*DIRECTIONS FOR THIS TASK*: Please set out each line below exactly as it stands, without the images.

*DATA SECTION*:
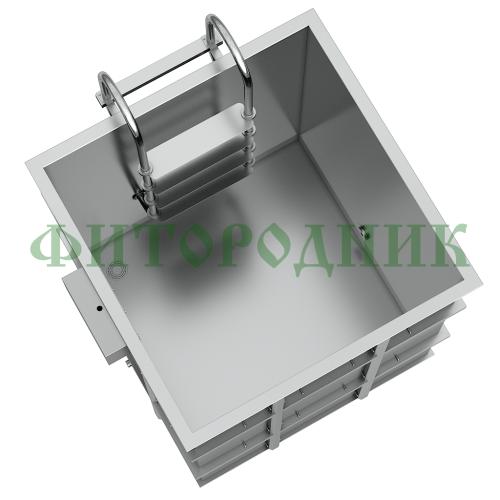 квадратная купель «comfort» из нержавеющей стали длина 1200 мм ширина 1200 мм высота 1150 мм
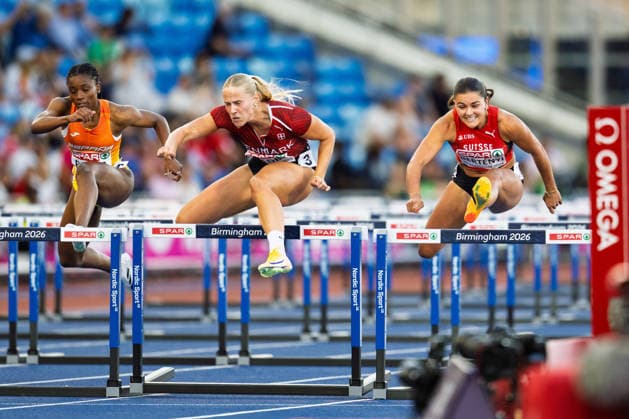 BIRMINGHAM, UNITED KINGDOM - AUGUST 10: Larissa BertÃ nyi of Switzerland competes in the Women s 100m Hurdles during the European Athletics Championships at Alexander Stadium on August 10, 2026 in Birmingham, United Kingdom. England United Kingdom Copyright: xBEAUTIFULxSPORTS TobiasxLacknerx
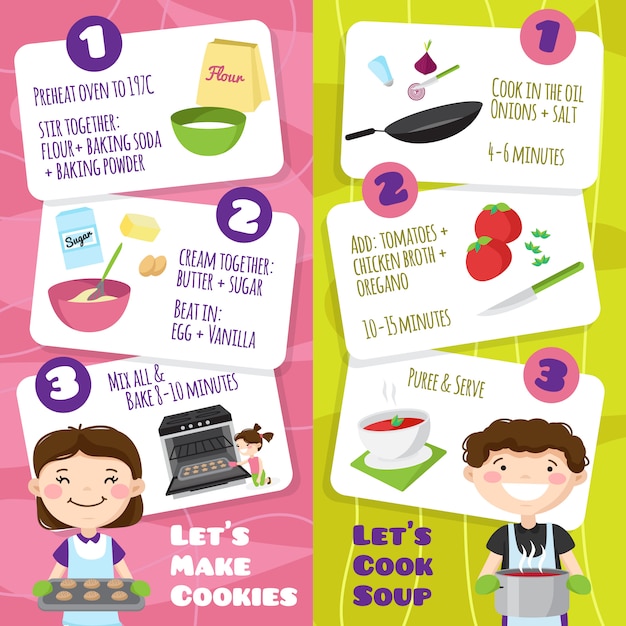 Los niños que cocinan pancartas verticales con personajes de dibujos animados estilo adolescente y tarjetas con consejos de cocina vector ilustración vector gratuito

*EXERCISE SOLUTION*:
 квадратная купель «comfort» из нержавеющей стали длина 1200 мм ширина 1200 мм высота 1150 мм
 BIRMINGHAM, UNITED KINGDOM - AUGUST 10: Larissa BertÃ nyi of Switzerland competes in the Women s 100m Hurdles during the European Athletics Championships at Alexander Stadium on August 10, 2026 in Birmingham, United Kingdom. England United Kingdom Copyright: xBEAUTIFULxSPORTS TobiasxLacknerx
 Los niños que cocinan pancartas verticales con personajes de dibujos animados estilo adolescente y tarjetas con consejos de cocina vector ilustración vector gratuito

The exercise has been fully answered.